After decades spent on both major and independent labels, Tritt took a turn with Category 5 Records in 2006. Though the label issued The Storm in 2007, it was a tumultuous time that ended when the owner went to jail for using ill-gotten funding for the company. A lengthy legal battle ensued, after which Tritt recovered the album’s masters and re-released them in 2013 asThe Calm After . . . on his own Post Oak Records.
With production by American Idol’s Randy Jackson, The Calm After . . . finds Tritt’s Crouch and Allman influences very much alive and well, though there’s not a lot of Jennings to be found in the slick, bluesy set. Although Tritt has said that he feels he is singing better than ever, his vocal performances on the project feel more forced, more contrived even, than on records past. The redux album also features a reworking of the Patty Smyth/Don Henley duet “Sometimes Love Just Ain’t Enough,” performed by Tritt and his 15-year-old daughter, Tyler Reese Tritt. The kid sure can sing, but it is strange to hear a love song performed by a father-daughter duo.
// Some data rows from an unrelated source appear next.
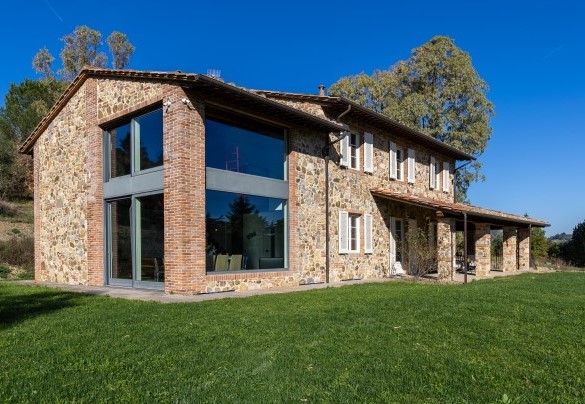 L’ampia vetrata d’angolo che regala un luminoso abbraccio di luce naturale, creando un connubio perfetto tra interno ed esterno – Villa Dada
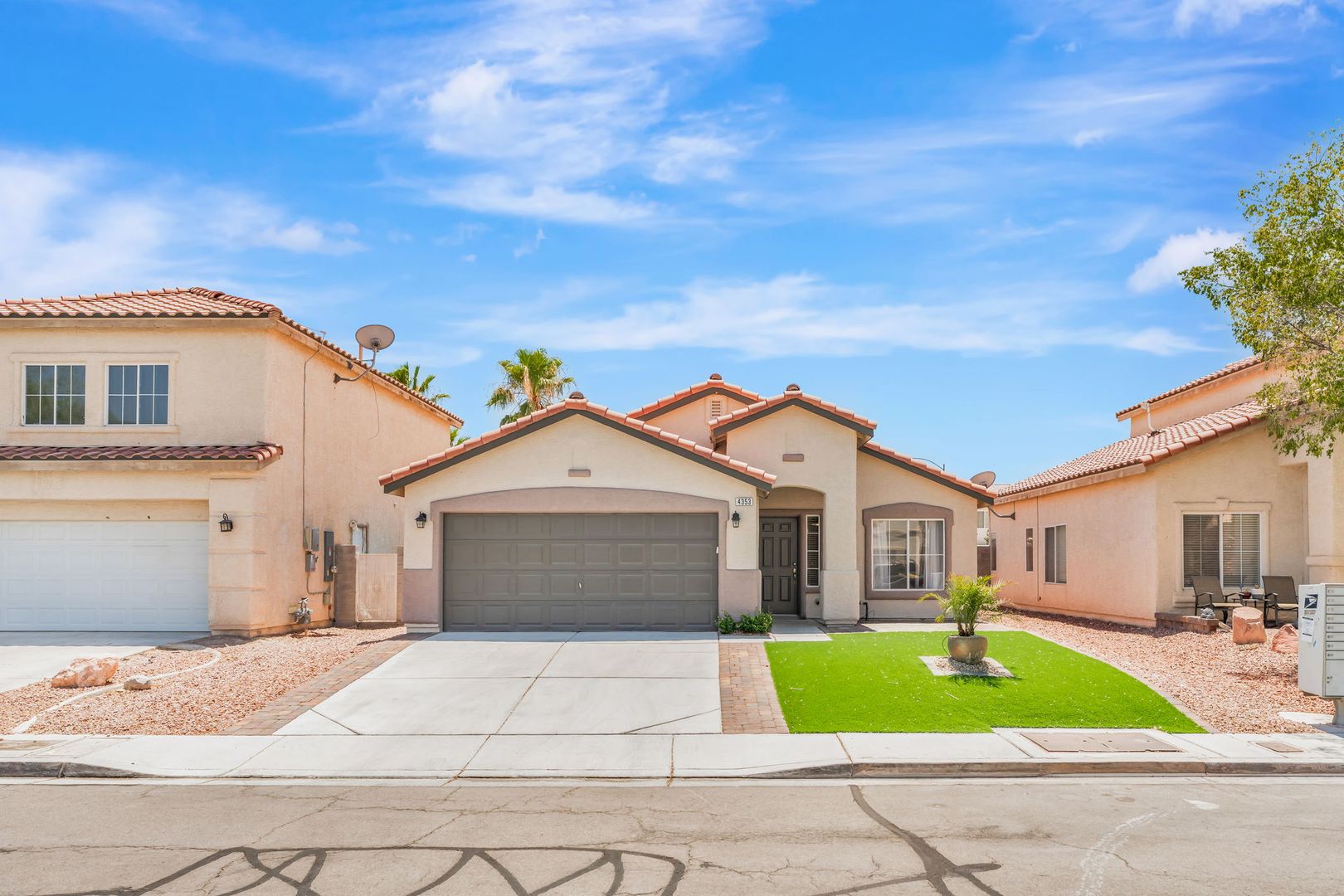 North Las Vegas House: 4353 Scarlet Sea Ave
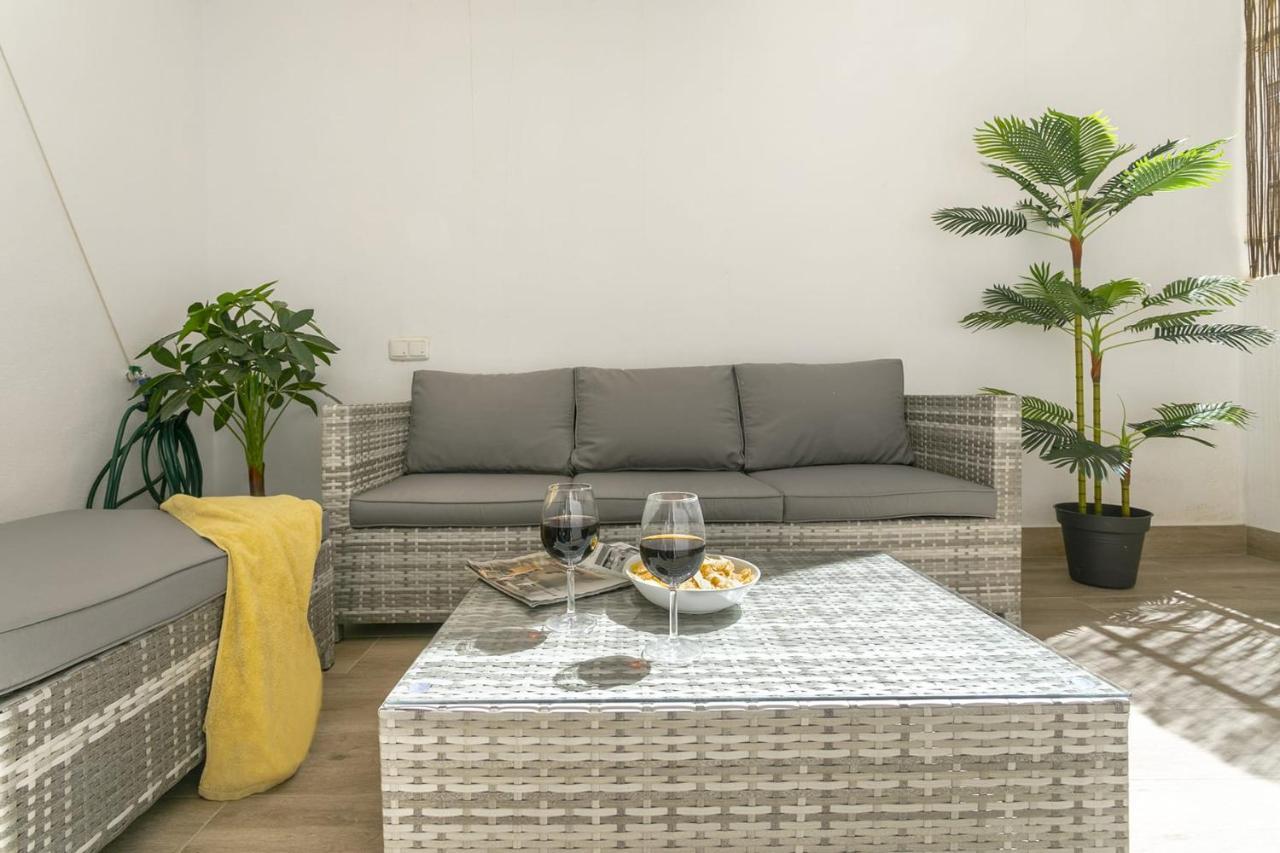 Precioso Apartamento Con Patio Málaga Exteriör bild
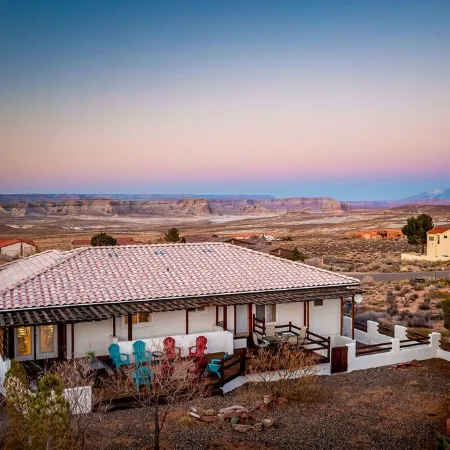 Sunset Mesa Hideaway-Lake Powell Views, Game Room & 3 Decks-Near Antelope Canyon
Even at 51, Tritt is just as much of a road dog as he ever was. Over the course of the past few years, he’s done a lot of dates, some with one of his other go-to collaborators — country legend Marty Stuart. The other performances have alternated between full band and solo acoustic. For his current run, which ends on January 29 at the Fred Kavli Theatre in Thousand Oaks, Tritt is opting for the latter. That sparse setting should allow Tritt’s guitar playing and song selections to really shine and, hopefully, give his true voice room to breathe.